On Feb. 9, 2014, a team of Geophysical Institute researchers launched a 10-foot carbon-fiber rocket on a seven-minute flight from Poker Flat Research Range north of Fairbanks.
They fired the rocket to test its capabilities as a low-cost test vehicle for space physicists and other scientists who send missions through the aurora.
The small rocket, designed by Jeff Rothman of the Geophysical Institute’s Electronics Shop and envisioned by Associate Professor Mark Conde, arced to a predicted landing spot in the hills about one mile from the range.
The launch was a test of GPS, compass and radio communications systems Kristina Lynch of Dartmouth College plans to eject high in the ionosphere on a larger NASA sounding rocket.
Rothman and Conde see the smaller rocket that reaches just three miles into the sky as a low-risk way for researchers to test out instruments they hope to send hundreds of miles up on full-size NASA sounding rockets.
“If the payload works, it will probably work on a larger mission,” Conde said.
During the February test, the rocket had minor communications issues and a parachute ejected early. Neither affected the flight nor the safety of the rocket, but gave the researchers insight as they try to develop a business testing payloads.

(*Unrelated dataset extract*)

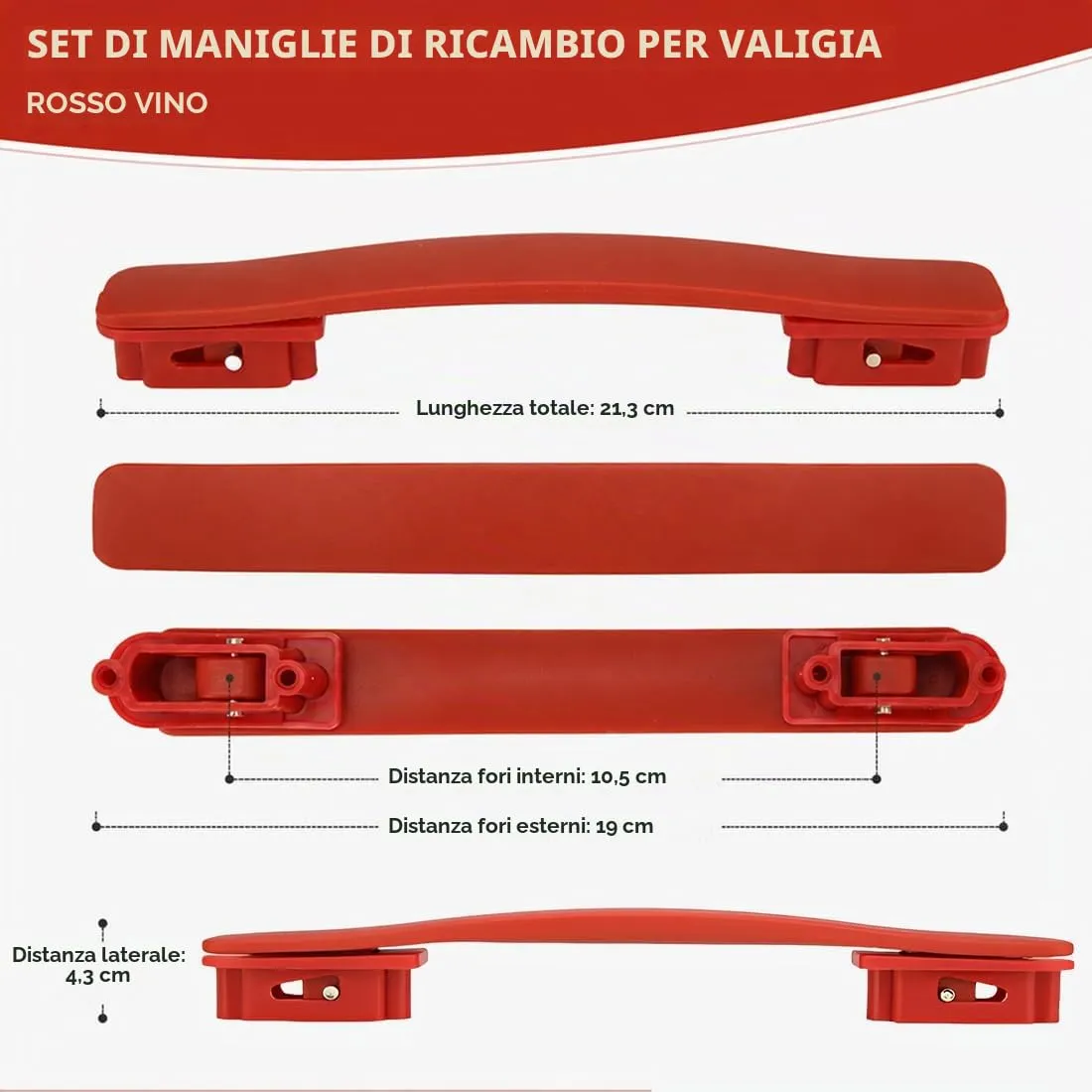 FCPEAG Manici Sostituzione Valigia in PVC Antiscivolo, Borgogna, 2 Pezzi, 21,3cm (Interasse 10,5cm e 19cm) - immagine 2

“That’s the job of the rocket, to shake out issues like that,” Rothman said.
Conde, a space physicist who flies complicated experiments on full-size rockets, saw a need for the small rocket as a way for scientists to test intricate parts of rocket experiments with a launch that costs about $10,000 compared to the $1 million of a full-size rocket.
A few days after the launch of the six-inch diameter rocket, Rothman went out on snowshoes to recover it from a hillside about one mile from Poker Flat, 30 miles north of Fairbanks. He will troubleshoot the re-usable rocket to determine what caused the problems.
After finding and correcting the problems with the initial flight, the next step for Conde and Rothman is to commission workers in the Geophysical Institute’s machine and electronics shops to design a 17 ¼-inch bulbous section for the small rocket that is the same size as payload sections on large NASA sounding rockets.
“Once they pass the test, you can almost literally unbolt it and put it on a big rocket,” Rothman said.